I do think there are reasons to be optimistic. In the startup world, I witness incredible examples of research productivity in a number of our innovative startups, as well as across the early stage ecosystem. I've seen fully characterized Development Candidates come from creative drug discovery efforts for 5-10x less than what it costs in Big Pharma. We've seen Fast-to-PoC approaches for novel targets on a fraction of the cost and time larger organizations would budget for...I'm optimistic that the recent crop of startup companies over the past five years are going to change the picture through more capital efficient, distributed R&D models. Many others share this perception that biotech is doing something right.

What could be driving this productivity advantage?...

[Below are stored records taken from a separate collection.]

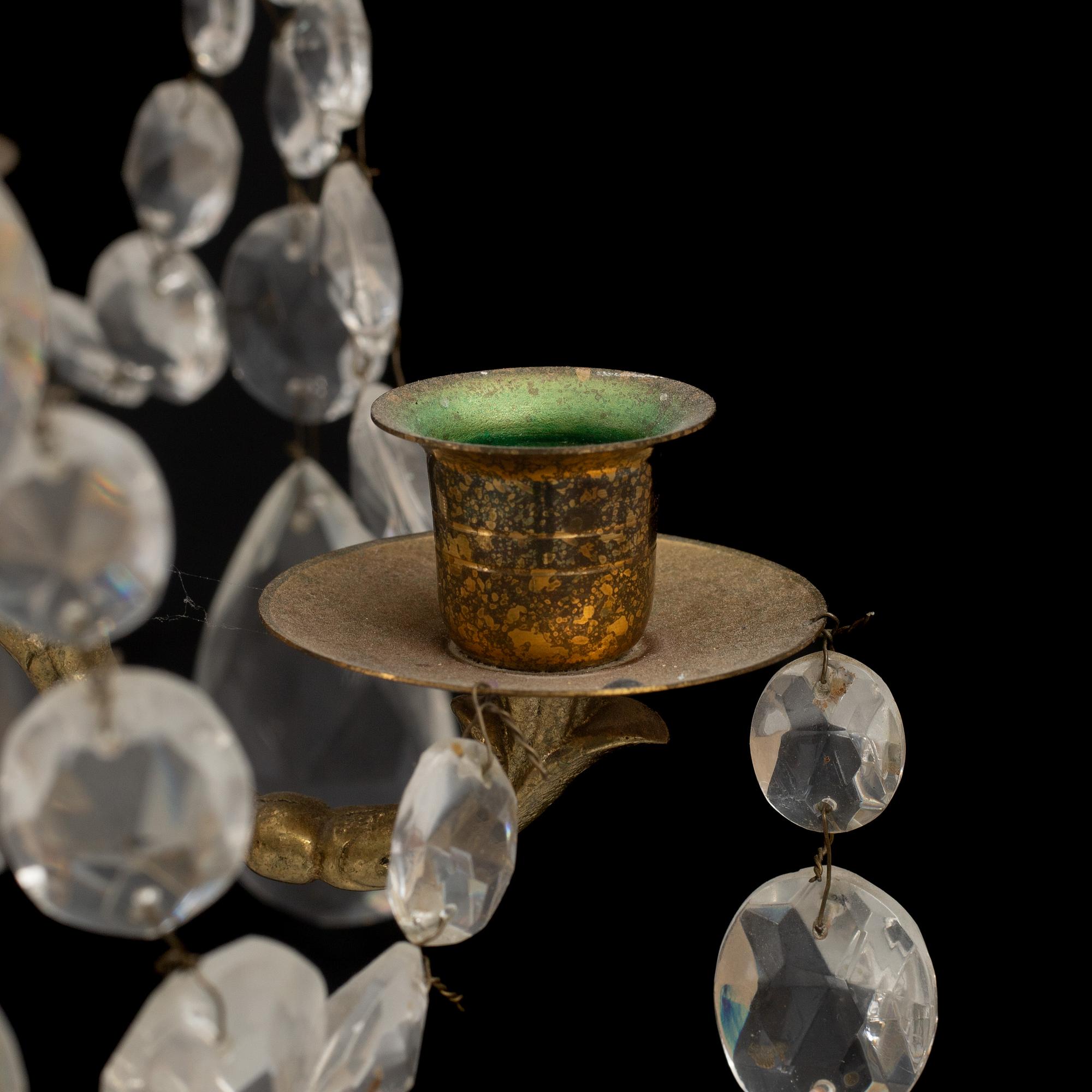 A Gustavian style chandelier, first half of the 20th Century.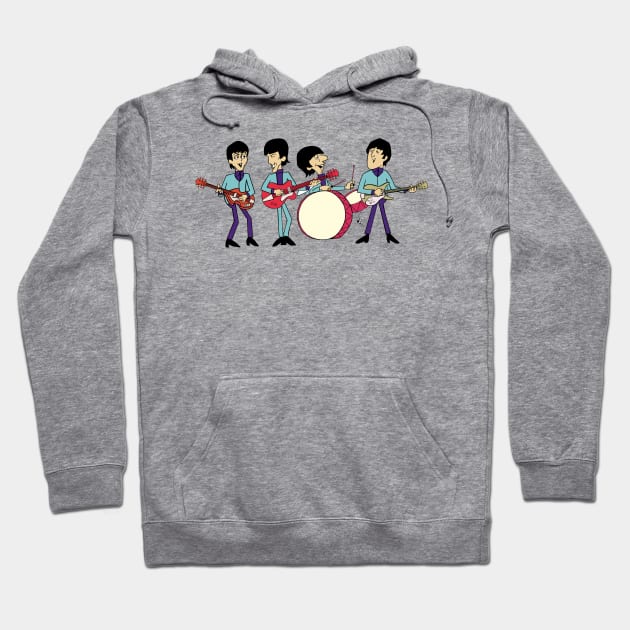 The  Cartoon Band Hoodie by TheMusicFav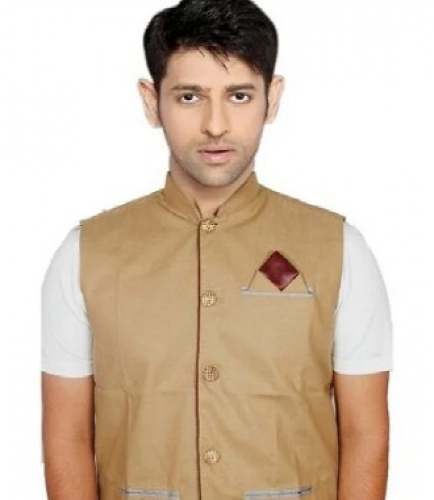 New Collection Mens Beige Color Nehru Jacket by Bhairav Yarns Pvt Ltd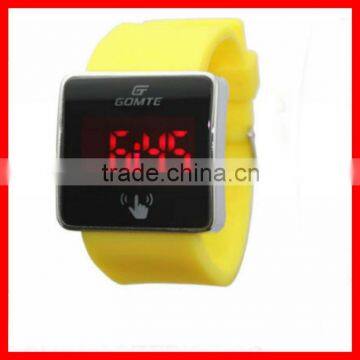 Silicone japan movt quartz watch stainless steel black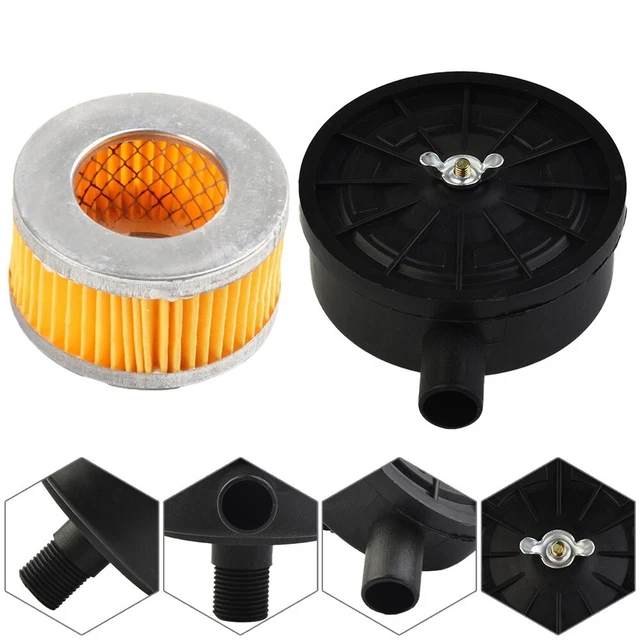 2 Pièces Silencieux/filtre D'admission Pour Compresseur D'air 65mm - Réduction Du Bruit, Protection Contre La Poussière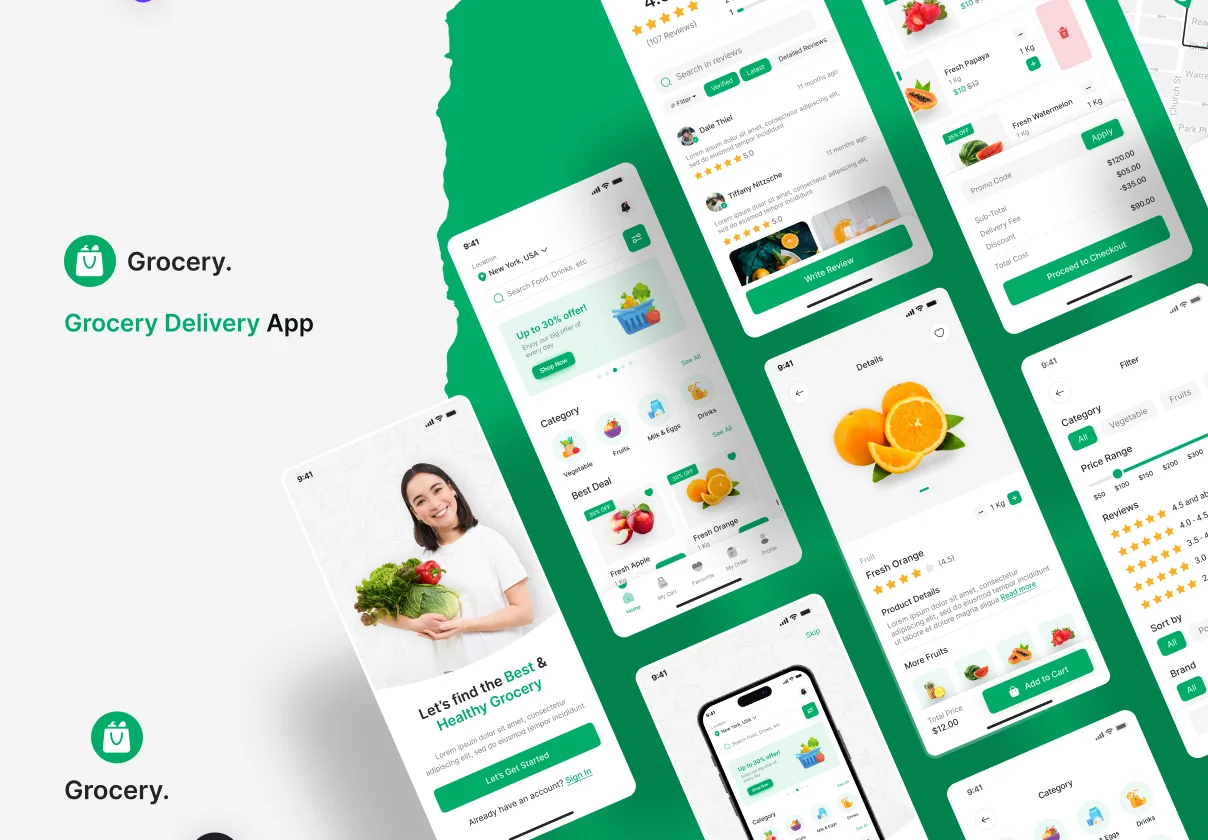 Grocery Delivery | Super Market UI Kit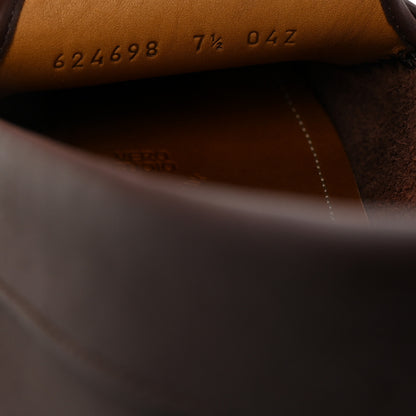 Gucci Soft Clove Calfskin Web Mens Horsebit Driver Loafers 7.5 Cocoa 9 of 10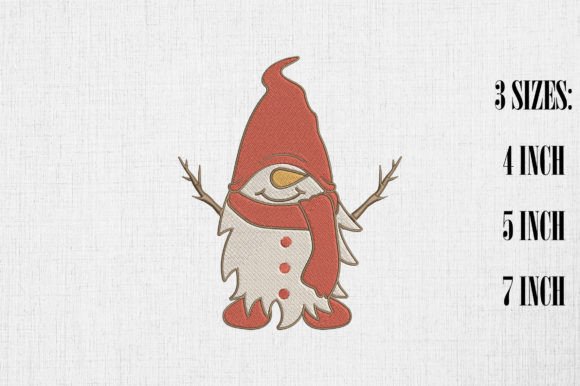 Snowman Gnome for Christmas Crafts and Holiday Sales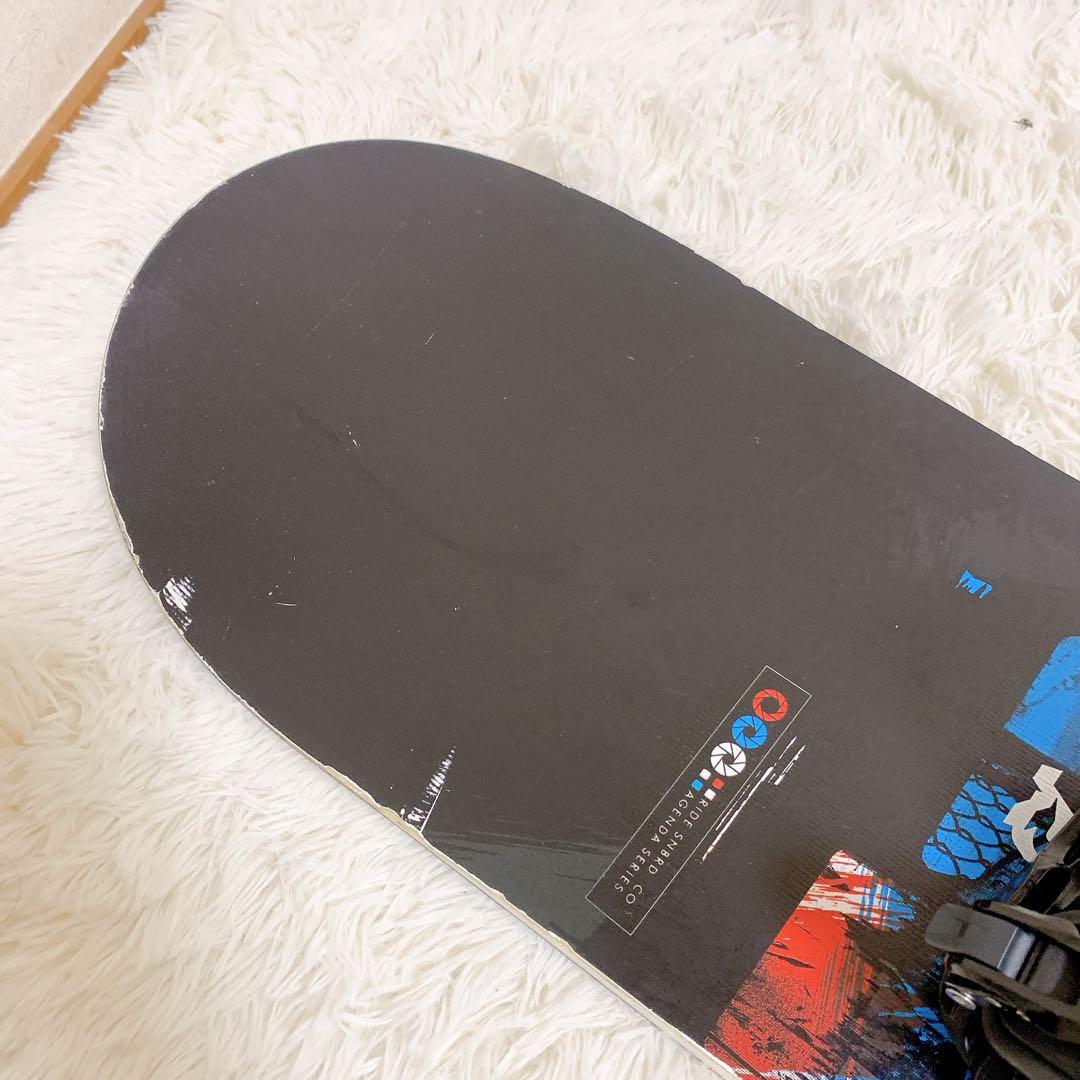 RIDE 156 AGENDA FLOW M スノーボードセット 3点セット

Fundamentally, I think the bulk of the last decade's productivity decline is attributable to a culture problem. The Big Pharma culture has been homogenized, purified, sterilized, whipped, stirred, filtered, etc and lost its ability to ferment the good stuff required to innovate. This isn't covered in most reviews of the productivity challenge facing our industry, because its nearly impossible to quantify, but it's well known and a huge issue.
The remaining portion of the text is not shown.